**WHAT YOU SHOULD DO:**
Everything in the listing below should be written out again exactly, except the pictures.

+++ EXTRACTED INFORMATION

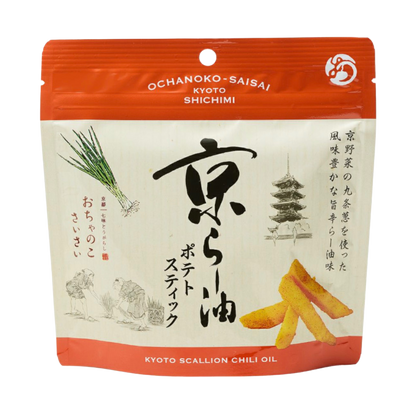 Chrupiące, pikantne pałeczki ziemniaczane o bogatym smaku oleju chili z cebulką Kujō.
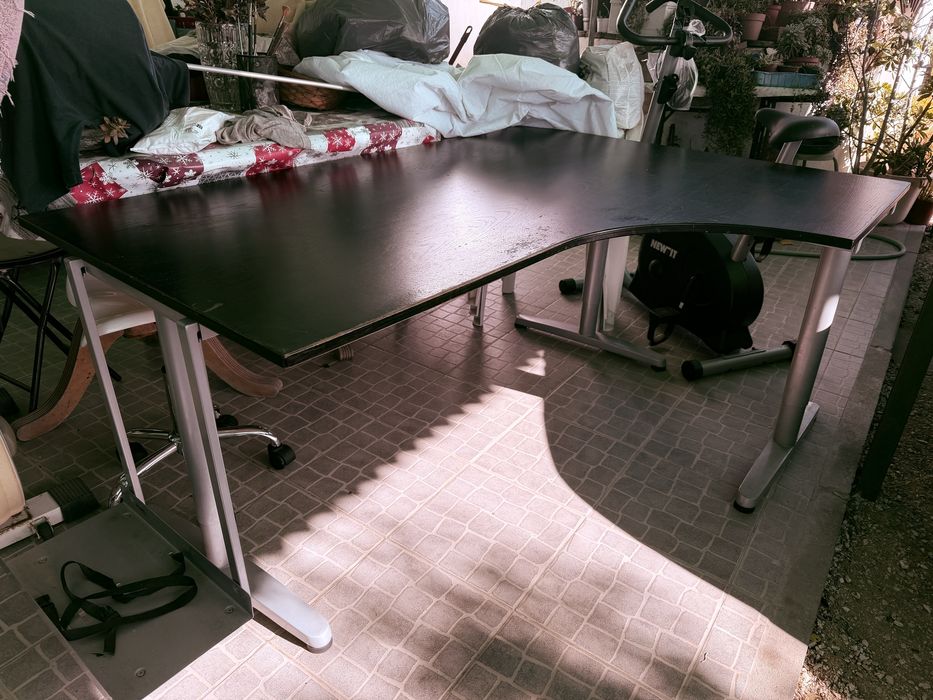 Mesa escritório metal com suporte para computador 160x120 cm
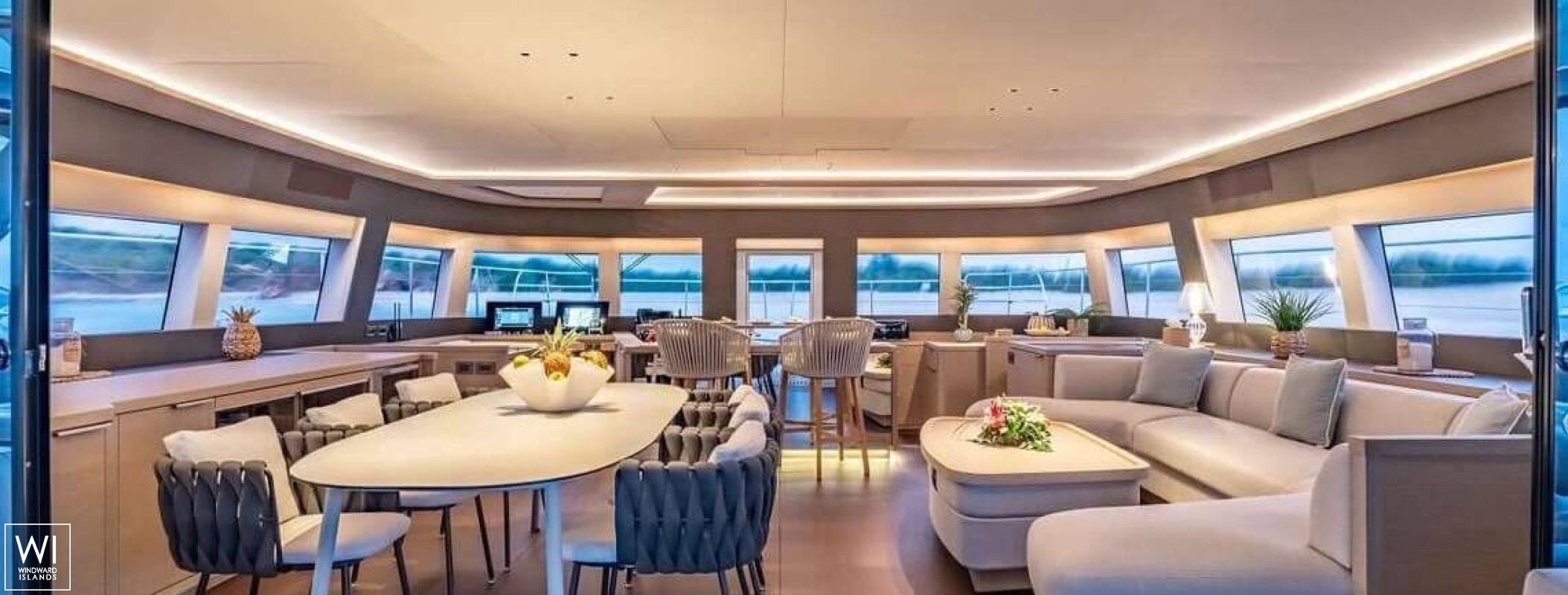 Frenchwest  Lagoon Catamaran Power 78 Interior 13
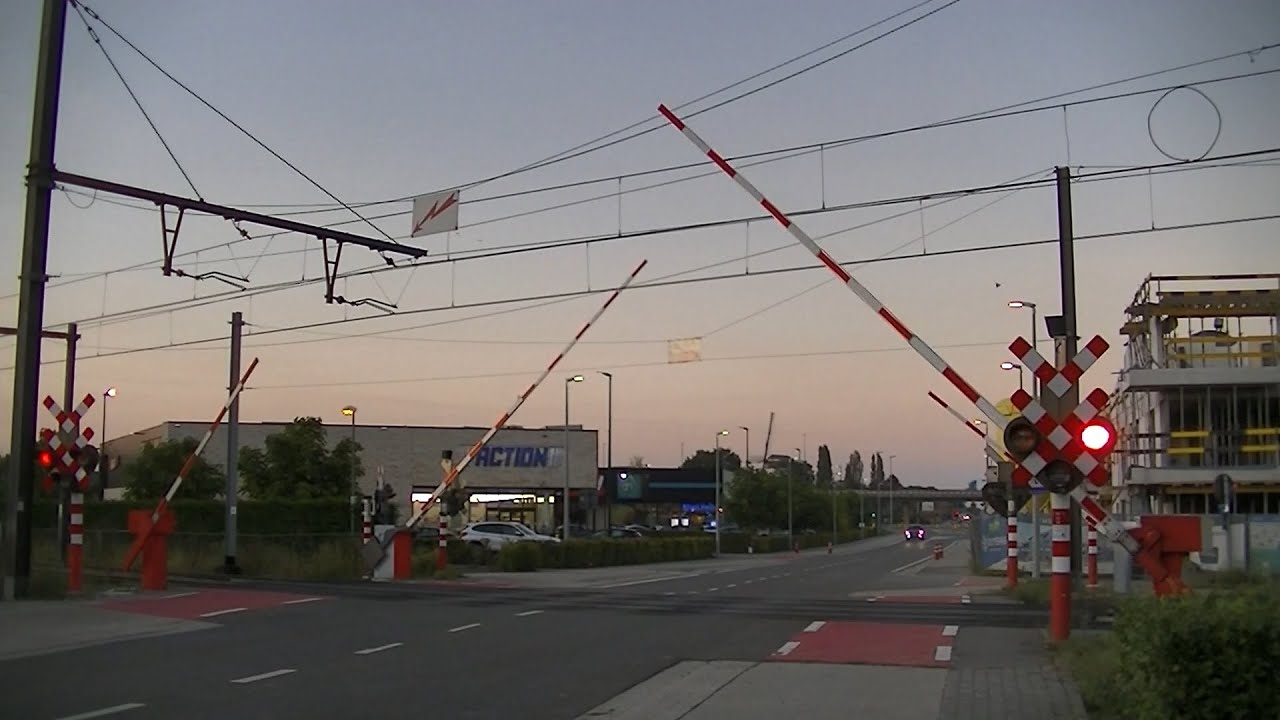 Spoorwegovergang Aarschot (B) // Railroad crossing // Passage &agrave; niveau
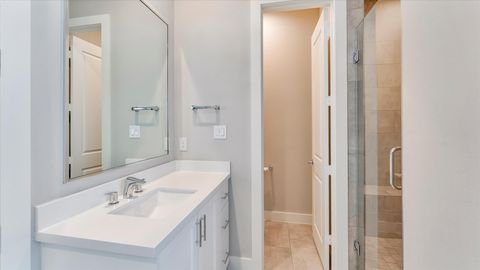 Tiny photo for 5834 Kiam Street, Houston, TX 77007 (MLS # 33865968)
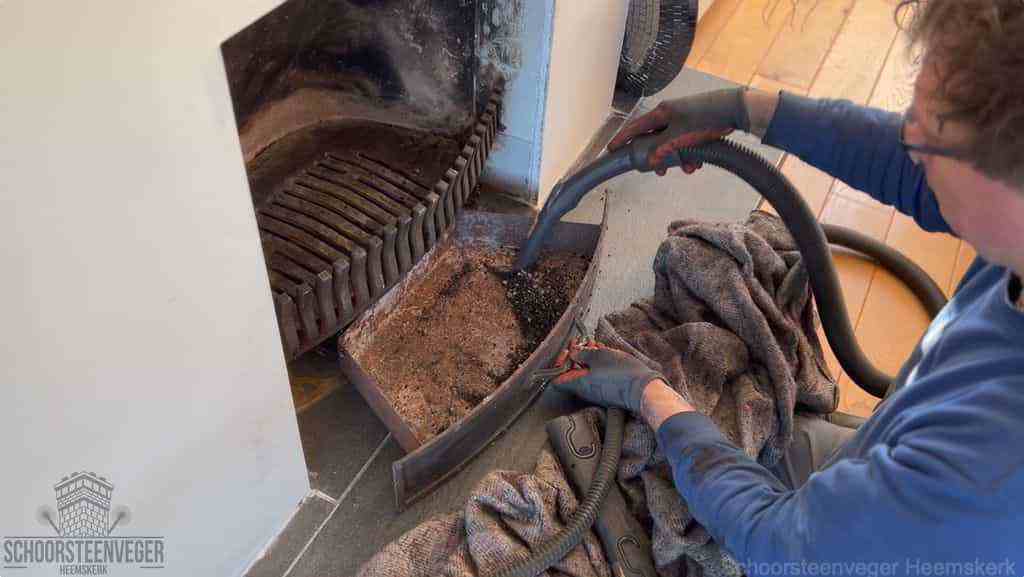Prijs schoorsteenvegen Heemskerk schouw reinigen Prijs schoorsteenvegen Heemskerk schouw reinigen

++++++

**COMPLETED EXERCISE:**
 Chrupiące, pikantne pałeczki ziemniaczane o bogatym smaku oleju chili z cebulką Kujō.
 Mesa escritório metal com suporte para computador 160x120 cm
 Frenchwest  Lagoon Catamaran Power 78 Interior 13
 Spoorwegovergang Aarschot (B) // Railroad crossing // Passage &agrave; niveau
 Tiny photo for 5834 Kiam Street, Houston, TX 77007 (MLS # 33865968)
Prijs schoorsteenvegen Heemskerk schouw reinigen Prijs schoorsteenvegen Heemskerk schouw reinigen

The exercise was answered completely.